What you will do
Begin at the first line of the records below and, please, give each line again exactly until the line with "Chikan Beige Kurta Set - KM39302-52" is included.

(Data extracted from a collection)

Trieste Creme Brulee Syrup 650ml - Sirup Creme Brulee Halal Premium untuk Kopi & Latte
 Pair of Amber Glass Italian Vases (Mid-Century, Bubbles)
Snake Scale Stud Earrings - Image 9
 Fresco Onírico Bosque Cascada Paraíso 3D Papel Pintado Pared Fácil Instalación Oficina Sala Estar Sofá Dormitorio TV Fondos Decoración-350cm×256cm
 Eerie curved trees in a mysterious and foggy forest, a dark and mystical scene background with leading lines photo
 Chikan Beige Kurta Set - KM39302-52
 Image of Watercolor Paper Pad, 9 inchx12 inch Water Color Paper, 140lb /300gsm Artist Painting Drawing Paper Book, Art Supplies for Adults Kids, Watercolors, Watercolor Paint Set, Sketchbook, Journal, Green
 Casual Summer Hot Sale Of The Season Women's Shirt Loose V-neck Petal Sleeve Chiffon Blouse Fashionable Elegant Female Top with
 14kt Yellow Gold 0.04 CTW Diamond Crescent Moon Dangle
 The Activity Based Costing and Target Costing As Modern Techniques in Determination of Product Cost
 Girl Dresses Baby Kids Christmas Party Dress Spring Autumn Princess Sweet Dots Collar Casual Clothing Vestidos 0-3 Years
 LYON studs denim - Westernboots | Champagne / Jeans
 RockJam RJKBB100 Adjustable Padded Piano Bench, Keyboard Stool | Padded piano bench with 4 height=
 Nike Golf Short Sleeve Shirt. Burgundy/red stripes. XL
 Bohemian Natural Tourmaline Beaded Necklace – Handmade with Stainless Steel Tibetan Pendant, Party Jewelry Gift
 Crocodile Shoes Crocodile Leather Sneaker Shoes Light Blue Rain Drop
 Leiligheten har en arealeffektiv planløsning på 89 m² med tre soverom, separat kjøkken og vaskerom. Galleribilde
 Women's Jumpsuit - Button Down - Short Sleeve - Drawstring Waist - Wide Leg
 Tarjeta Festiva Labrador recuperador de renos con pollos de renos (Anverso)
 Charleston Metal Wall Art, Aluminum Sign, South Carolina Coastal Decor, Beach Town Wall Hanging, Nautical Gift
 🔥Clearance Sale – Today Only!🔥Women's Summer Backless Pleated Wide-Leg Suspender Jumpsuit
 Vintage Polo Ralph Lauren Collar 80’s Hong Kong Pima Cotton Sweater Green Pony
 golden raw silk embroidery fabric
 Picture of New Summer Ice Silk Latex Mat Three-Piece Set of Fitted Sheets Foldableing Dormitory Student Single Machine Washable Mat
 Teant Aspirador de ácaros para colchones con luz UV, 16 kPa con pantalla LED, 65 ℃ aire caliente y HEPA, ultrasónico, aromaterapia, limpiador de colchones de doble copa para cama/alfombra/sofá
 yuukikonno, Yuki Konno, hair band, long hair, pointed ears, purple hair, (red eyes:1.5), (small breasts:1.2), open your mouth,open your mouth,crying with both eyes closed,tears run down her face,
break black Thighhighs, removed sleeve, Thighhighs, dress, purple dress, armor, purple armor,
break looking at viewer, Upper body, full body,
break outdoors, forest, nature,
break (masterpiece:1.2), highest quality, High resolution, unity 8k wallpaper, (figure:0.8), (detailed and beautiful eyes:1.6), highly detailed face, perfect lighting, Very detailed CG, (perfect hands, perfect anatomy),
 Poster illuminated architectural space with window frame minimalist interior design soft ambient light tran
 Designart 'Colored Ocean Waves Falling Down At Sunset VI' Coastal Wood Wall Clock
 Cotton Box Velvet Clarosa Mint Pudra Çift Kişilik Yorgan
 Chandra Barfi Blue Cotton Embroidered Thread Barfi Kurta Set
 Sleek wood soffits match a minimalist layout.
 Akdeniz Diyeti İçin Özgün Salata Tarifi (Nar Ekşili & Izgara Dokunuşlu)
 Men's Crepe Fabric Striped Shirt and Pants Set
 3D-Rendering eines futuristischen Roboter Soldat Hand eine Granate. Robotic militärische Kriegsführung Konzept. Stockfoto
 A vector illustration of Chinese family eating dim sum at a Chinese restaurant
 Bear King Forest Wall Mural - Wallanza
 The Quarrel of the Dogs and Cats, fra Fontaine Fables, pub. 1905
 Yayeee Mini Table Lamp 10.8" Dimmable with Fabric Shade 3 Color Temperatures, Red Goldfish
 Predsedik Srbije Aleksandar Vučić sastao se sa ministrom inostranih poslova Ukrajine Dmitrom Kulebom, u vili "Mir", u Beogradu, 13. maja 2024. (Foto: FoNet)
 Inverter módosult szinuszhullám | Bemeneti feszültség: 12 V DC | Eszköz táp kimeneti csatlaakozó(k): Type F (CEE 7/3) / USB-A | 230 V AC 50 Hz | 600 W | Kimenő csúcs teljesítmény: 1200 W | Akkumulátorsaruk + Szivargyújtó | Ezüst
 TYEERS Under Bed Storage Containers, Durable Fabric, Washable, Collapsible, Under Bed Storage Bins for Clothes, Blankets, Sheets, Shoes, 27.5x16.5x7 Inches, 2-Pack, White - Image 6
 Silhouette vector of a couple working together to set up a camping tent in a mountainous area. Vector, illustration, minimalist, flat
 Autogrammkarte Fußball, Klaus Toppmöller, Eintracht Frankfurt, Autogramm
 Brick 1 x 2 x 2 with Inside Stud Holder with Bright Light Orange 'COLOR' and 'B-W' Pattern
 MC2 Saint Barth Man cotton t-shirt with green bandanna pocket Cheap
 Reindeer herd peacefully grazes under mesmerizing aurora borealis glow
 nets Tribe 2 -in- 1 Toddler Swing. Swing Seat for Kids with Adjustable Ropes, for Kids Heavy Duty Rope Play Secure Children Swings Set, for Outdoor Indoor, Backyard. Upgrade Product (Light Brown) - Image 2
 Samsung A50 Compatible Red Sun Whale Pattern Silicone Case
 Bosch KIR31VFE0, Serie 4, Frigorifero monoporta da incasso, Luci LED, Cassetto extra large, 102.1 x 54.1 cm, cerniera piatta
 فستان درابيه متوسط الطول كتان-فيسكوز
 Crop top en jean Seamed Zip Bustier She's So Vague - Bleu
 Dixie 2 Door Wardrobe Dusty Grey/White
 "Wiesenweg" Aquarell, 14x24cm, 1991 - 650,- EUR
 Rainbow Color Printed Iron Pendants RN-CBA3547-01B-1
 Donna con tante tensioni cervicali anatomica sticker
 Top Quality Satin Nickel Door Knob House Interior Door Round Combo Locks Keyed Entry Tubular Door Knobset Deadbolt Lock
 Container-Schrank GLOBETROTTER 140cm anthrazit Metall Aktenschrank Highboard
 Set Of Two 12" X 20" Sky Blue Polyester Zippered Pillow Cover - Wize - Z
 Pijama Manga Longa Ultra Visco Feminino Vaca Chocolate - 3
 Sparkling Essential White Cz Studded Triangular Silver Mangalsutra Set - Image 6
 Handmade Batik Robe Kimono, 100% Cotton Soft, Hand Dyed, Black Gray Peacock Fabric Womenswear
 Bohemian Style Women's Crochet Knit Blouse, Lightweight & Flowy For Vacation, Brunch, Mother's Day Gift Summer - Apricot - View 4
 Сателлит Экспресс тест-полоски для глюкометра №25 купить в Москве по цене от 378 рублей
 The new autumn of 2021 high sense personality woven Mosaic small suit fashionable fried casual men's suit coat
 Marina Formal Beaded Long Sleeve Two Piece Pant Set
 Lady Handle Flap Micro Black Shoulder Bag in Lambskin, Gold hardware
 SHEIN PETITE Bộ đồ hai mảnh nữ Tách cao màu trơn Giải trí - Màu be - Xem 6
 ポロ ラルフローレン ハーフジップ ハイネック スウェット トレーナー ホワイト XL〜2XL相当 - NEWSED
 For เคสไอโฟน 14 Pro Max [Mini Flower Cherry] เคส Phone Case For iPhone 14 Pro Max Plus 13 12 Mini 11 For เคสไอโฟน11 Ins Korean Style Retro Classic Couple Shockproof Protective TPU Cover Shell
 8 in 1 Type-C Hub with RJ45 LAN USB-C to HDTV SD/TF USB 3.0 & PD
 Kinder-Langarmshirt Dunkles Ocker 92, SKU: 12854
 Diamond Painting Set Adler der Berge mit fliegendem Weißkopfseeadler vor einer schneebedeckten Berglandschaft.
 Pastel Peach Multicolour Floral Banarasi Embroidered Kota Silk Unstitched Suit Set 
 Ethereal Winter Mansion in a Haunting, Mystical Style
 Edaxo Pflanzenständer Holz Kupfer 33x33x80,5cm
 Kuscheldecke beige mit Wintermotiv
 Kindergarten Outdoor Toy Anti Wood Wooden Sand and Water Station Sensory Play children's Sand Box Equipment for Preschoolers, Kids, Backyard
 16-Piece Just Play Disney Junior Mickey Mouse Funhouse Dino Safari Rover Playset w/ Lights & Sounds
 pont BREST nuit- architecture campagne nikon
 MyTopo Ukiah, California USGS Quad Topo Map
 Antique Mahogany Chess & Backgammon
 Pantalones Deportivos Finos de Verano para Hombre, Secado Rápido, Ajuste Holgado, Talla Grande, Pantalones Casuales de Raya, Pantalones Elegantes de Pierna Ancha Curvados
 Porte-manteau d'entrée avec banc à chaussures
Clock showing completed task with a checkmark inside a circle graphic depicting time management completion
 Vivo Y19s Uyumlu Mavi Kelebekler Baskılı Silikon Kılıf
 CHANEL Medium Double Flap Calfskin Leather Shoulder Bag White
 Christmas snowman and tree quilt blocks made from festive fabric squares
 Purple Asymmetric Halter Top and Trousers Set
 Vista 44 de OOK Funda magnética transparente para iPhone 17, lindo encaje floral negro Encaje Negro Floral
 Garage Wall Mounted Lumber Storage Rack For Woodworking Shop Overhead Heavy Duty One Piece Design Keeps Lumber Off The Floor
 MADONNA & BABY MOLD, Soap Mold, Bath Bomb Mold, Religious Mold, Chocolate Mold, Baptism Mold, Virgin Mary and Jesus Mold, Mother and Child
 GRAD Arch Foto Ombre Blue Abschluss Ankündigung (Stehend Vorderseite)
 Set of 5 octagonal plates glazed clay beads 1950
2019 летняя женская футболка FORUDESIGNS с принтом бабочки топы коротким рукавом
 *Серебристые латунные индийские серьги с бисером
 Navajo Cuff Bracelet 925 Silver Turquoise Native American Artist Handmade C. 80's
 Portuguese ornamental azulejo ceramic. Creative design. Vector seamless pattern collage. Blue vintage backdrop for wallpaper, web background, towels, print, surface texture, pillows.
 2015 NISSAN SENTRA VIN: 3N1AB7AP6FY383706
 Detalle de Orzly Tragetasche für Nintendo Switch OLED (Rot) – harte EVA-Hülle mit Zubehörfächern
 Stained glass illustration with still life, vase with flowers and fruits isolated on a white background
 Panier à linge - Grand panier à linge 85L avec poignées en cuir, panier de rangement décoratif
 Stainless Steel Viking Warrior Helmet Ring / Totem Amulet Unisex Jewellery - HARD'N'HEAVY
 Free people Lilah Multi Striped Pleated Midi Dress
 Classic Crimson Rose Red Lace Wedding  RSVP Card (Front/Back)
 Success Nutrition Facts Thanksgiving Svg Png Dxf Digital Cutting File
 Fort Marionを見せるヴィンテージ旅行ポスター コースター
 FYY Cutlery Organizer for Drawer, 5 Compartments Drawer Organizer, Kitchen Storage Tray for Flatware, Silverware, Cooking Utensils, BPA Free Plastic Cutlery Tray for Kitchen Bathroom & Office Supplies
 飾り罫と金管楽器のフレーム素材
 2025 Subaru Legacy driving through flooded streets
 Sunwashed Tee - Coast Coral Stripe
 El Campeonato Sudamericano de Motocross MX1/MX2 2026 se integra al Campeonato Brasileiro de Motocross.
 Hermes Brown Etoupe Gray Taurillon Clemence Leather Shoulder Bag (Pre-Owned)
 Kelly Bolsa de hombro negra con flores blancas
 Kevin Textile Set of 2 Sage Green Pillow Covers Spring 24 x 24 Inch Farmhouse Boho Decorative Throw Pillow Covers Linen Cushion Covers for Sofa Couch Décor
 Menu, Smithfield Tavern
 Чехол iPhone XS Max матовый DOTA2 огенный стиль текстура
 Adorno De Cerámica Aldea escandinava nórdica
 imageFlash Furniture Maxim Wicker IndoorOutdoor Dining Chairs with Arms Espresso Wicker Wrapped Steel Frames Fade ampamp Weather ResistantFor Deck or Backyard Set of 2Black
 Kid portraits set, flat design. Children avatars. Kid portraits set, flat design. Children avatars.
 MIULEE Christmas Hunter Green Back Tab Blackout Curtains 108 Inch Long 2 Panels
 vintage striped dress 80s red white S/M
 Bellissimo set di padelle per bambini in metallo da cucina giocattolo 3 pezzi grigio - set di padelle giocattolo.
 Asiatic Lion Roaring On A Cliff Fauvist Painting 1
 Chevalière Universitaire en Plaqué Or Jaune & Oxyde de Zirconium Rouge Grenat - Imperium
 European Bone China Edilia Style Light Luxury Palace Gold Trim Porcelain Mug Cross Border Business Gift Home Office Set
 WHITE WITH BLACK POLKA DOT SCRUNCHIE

Result for this exercise
Trieste Creme Brulee Syrup 650ml - Sirup Creme Brulee Halal Premium untuk Kopi & Latte
 Pair of Amber Glass Italian Vases (Mid-Century, Bubbles)
Snake Scale Stud Earrings - Image 9
 Fresco Onírico Bosque Cascada Paraíso 3D Papel Pintado Pared Fácil Instalación Oficina Sala Estar Sofá Dormitorio TV Fondos Decoración-350cm×256cm
 Eerie curved trees in a mysterious and foggy forest, a dark and mystical scene background with leading lines photo
 Chikan Beige Kurta Set - KM39302-52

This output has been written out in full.